Building resilience and ending violence against women and girls: Experiences in Chad

Published: 1st May 2018 4:35Last Updated: 2nd May 2018 13:20
violence against women and girls and resilience

Introduction

Gender inequalities generate risks for women and girls on a daily basis. In Chad, at least one in every three women have been victims of physical, psychological and/or sexual violence at the hands of their partners. Adolescent girls are highly vulnerable to child marriage and violence; particularly female genital mutilation (FGM).

A new BRACED report* explores why addressing violence against women and girls (VAWG) matters for development programmes that aim to build people’s resilience to disaster risks and climate change, particularly in fragile environmental, economic and political contexts. The report examines governmental and non-governmental initiatives seeking to build resilience and fight against the processes that maintain exclusion and vulnerability in Chad.

*Download the full report from the right-hand column. A connected policy brief makes recommendations for development practitioners to advocate for the elimination of all violence and discrimination.

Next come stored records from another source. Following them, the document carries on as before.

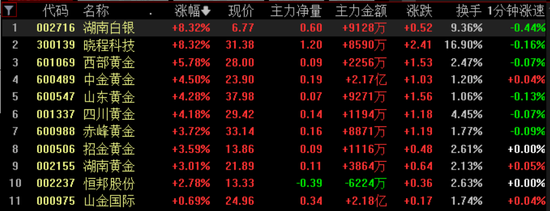 黄金白银，联袂创历史新高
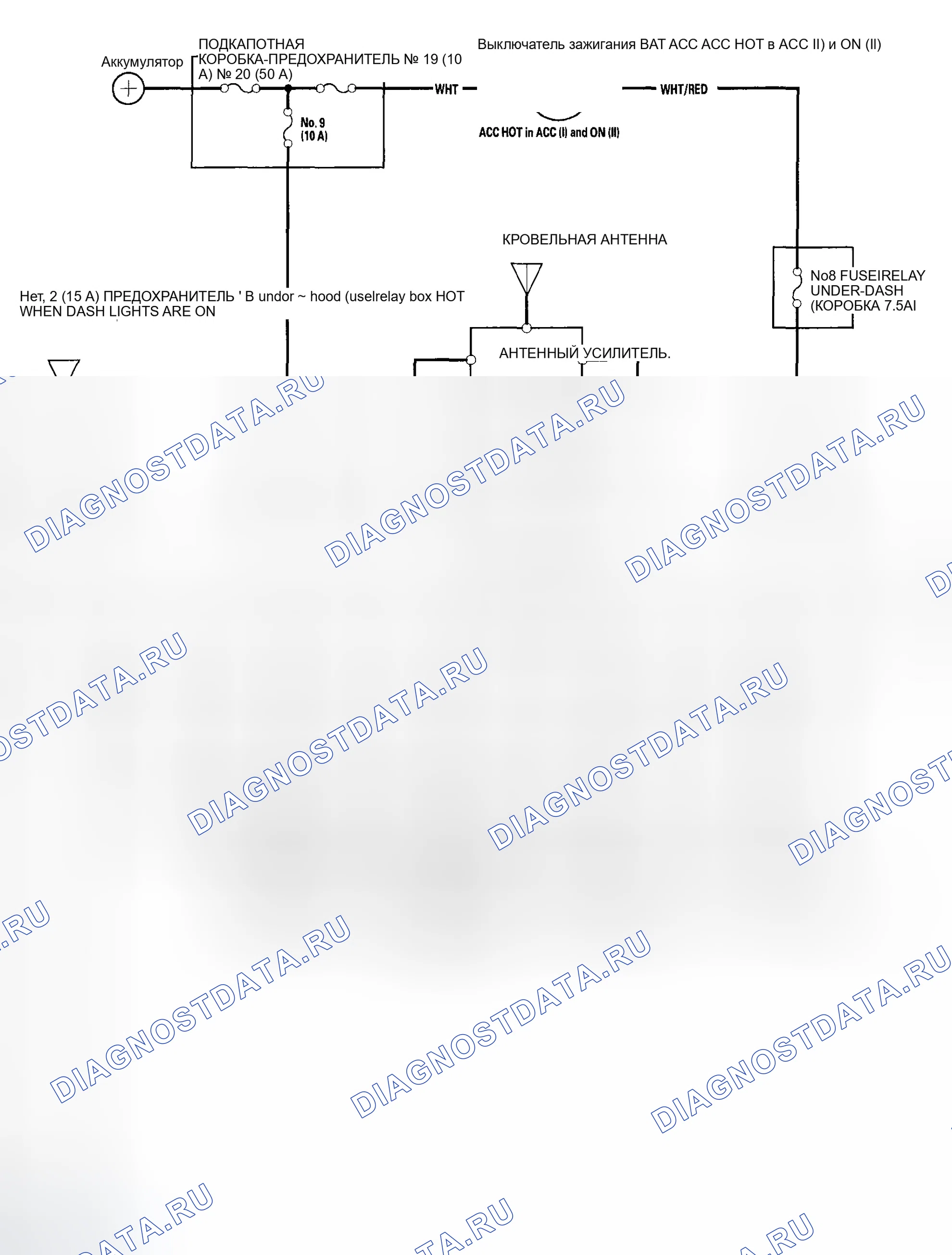 Рис. 18. Honda Element I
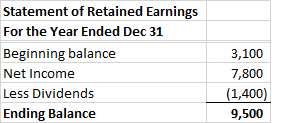 Statement of Retained Earnings For the Year Ended Dec 31 Beginning balance Net Income Less Dividends Ending Balance 3,100 7,8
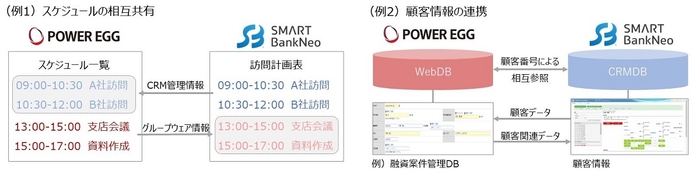POWER EGGとSMART BankNeo 連携イメージ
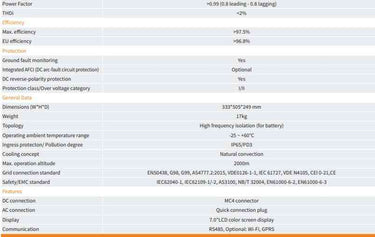 Solis 6kW Hybrid 5G Inverter efficiency and protection details
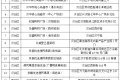 低于市場價！漢中投放冬春蔬菜→縮略圖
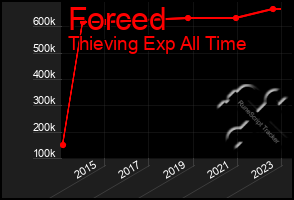 Total Graph of Forced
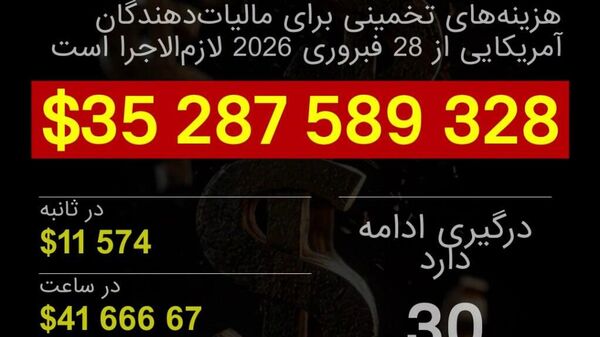 ارقام تکان دهنده: آمریکا چقدر برای جنگ علیه ایران هزینه می‌کند؟ - اسپوتنیک افغانستان  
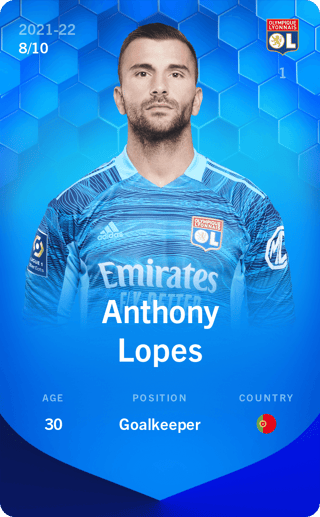 Anthony Lopes - super_rare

Research methods and key findings

The research that unpins this report on linking resilience and VAWG in Chad draws on a combination of secondary data from the 2014–2015 Demographic and Health Survey, which documents the nature and extent of VAWG in Chad, and primary qualitative data in the form of in-depth, semi-structured interviews and focus group discussions with women and girls, analysed to understand how violence affect the resilience of survivors and those who live with them. Data were collected in two regions of Chad – Sila and Bahr el Ghazal – as well as in the capital, N’Djamena.

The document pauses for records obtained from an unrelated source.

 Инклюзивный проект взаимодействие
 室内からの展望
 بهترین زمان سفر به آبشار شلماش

The five key findings are:

  1. VAWG is a daily risk, and it is not a problem that exists only in times of conflict and crisis.
  • The most reported forms of violence are early (child) marriages, physical and sexual violence perpetrated by relatives, polygamy and associated discrimination against women (homelessness, risk of divorce) and the denial of resources and opportunities for women.
  1. Discrimination and associated VAWG has multiple effects on the livelihoods of survivors.
  • Human capital: The health of survivors, especially adolescent girls, is severely affected by violence, particularly within the context of extremely limited health services in Chad.
  • Financial capital: Violence affects the household, whose economic resources are strained by the additional expense of covering medical care, and limit the physical and/or mental capacity of survivors to fill their domestic tasks and/or engage in productive activities.
  • Physical capital: Unequal access of women to education, training, information, land ownership or control of the family budget limits the physical capital of the home that would allow all members to better protect themselves or adapt in times of crisis.
  • Social capital: Survivors of sexual violence and unmarried pregnant women face rejection by their families and communities, which affects their ability to save or access financial support.
  • Natural capital: The risk of violence that women and girls are exposed to when they move outside their village or camp to obtain water and firewood could potentially limit their access to natural resources, though testimonials do not confirm this hypothesis.
  1. ​​VAWG also affects other processes of social change.
  • VAWG limits the opportunities for survivors to access knowledge and information;
  • Represses collective and forward-looking decision-making processes;
  • Restricts learning opportunities, although findings show that women continue to innovate;
  • Tolerates the impunity of the perpetrators of violence; and
  • Supports social norms that maintain unequal and discriminatory power relations.
  1. Gender inequality, particularly VAWG, acts as a barrier to resilience-building.
  • From precarious reproductive health to a low literacy rate, there are a number of institutional obstacles that prevent women and girls from accessing the same opportunities as men and boys, and also from exercising decision-making power and agency on an gender-equal footing.
  1. In fragile contexts where VAWG is prevalent, there is a gap between the humanitarian response in emergency situations and the responses of relevant institutions to tackle and respond to everyday violence.
  • In times of crisis, the multi-sectoral response initiated by NGOs and UN agencies is based on well-established protection principles and processes that address and help prevent VAWG.

From these key findings, the report concludes that if, in the face of VAWG, there are only mitigating measures adopted – e.g. supporting survivors’ health or their financial capital – and no holistic action is taken to respond to the underlying structural causes of VAWG and gender inequality, then development initiatives can only hope to moderately contribute resilience building.

Recommendations

The findings of this report on linking resilience and VAWG leads to a number of recommendations and lessons learned for NGOs working in Chad and other such fragile contexts where gender inequality is ingrained and VAWG is prevalent.

  1. Develop minimum standards for addressing gender inequality in resilience programmes
  2. Combat violence against women and girls through resilience programmes

Specific suggests for complimentary resilience-building and eradicating VAWG include ensuring access to reproductive health, promoting the importance of women’s and girls’ groups, maximizing the role of authorities, including traditional and religious leaders, establishing a holistic response to violence, and gender mainstreaming throughout resilience initiatives.